In the waning days of the 19th century, British cavalry troops dispatched to fight the Boer War, in South Africa, were soon so short of provisions that they were forced to slaughter their horses for food, often making a meat soup called “chervil” (unrelated to the herb of the same name) and a pasty fashioned from boiled horse flesh and jelly. But the remains of their trusty mounts may not have been the worst meals these Brits were forced to endure. Maconochie Brothers, a company in Fraserburgh, Scotland, won a contract to supply the troops with a canned beef stew—made largely of sliced carrots, potatoes, onions, beans, and sometimes turnips—swimming in a thin, soup-like gravy. (Maconochie stew was also a staple for British troops in World War I.) The small tins were meant to be heated in boiling water, but that was rarely feasible on the battlefield. When cold, the “Maconochie Army Ration” was typically laden with chunks of congealed fat. It not only tasted bad (one reporter labeled it “an inferior grade of garbage”), but caused a kind of flatulence that made being in close quarters with comrades a truly memorable experience.

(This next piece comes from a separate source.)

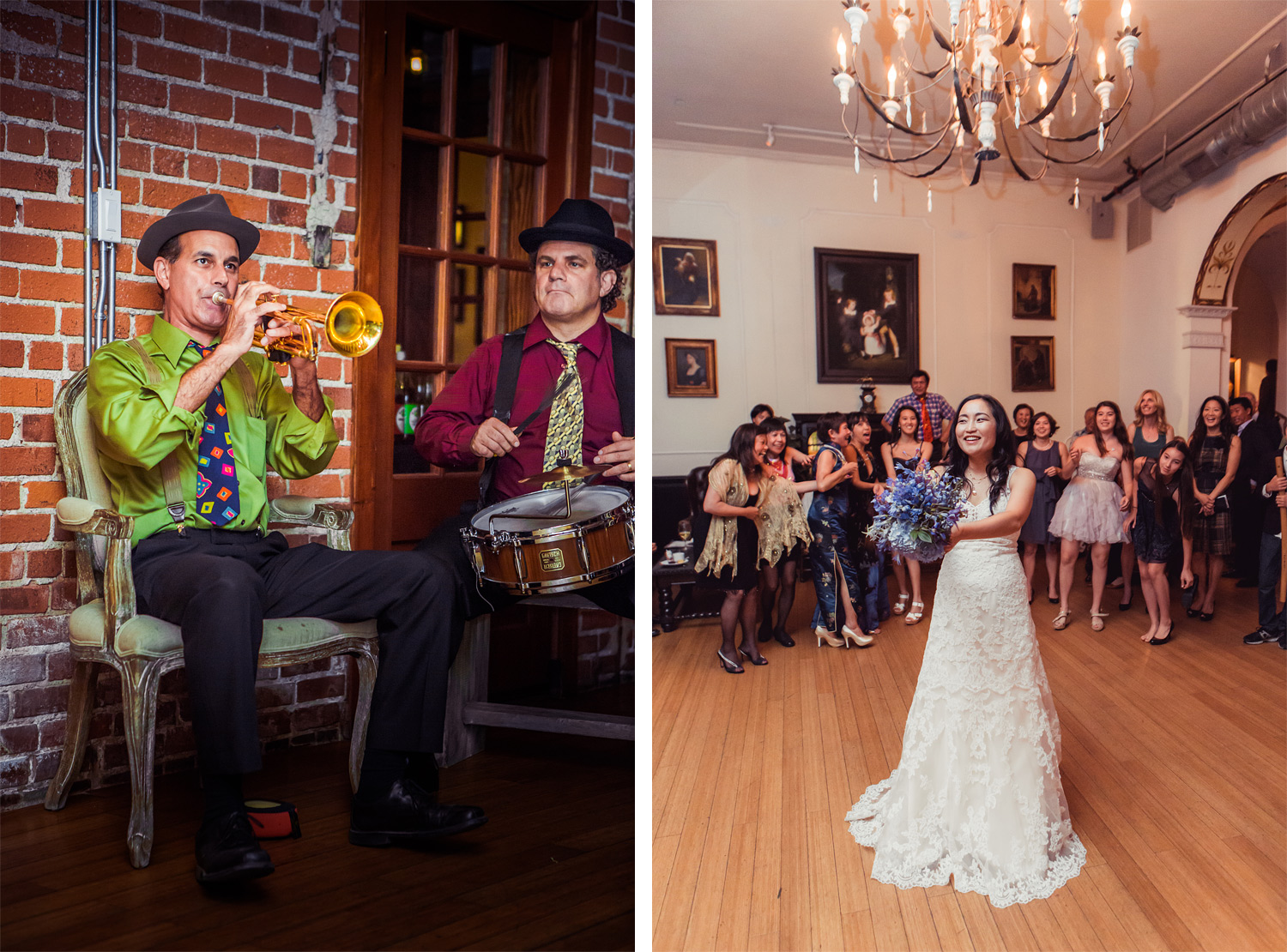 Carondelet House Wedding | Stephen Grant Photography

During the winter of 1777–1778, the Revolutionary War troops under the command of General George Washington at Valley Forge, Pennsylvania, were forced to endure a host of miserable conditions, most notably a critical lack of shoes, blankets, and clothing substantial enough to shield them from the rain and cold. And then there was the food: With few provisions to feed some 10,000 soldiers, the main meal was often firecake—a doughy, bread-like mixture of flour and water, flattened into dense patties, that was baked on a rock in or near a campfire until blackened. The dietary staple was so utterly tasteless that the soldiers hoped that ashes from the fire might add a little flavor.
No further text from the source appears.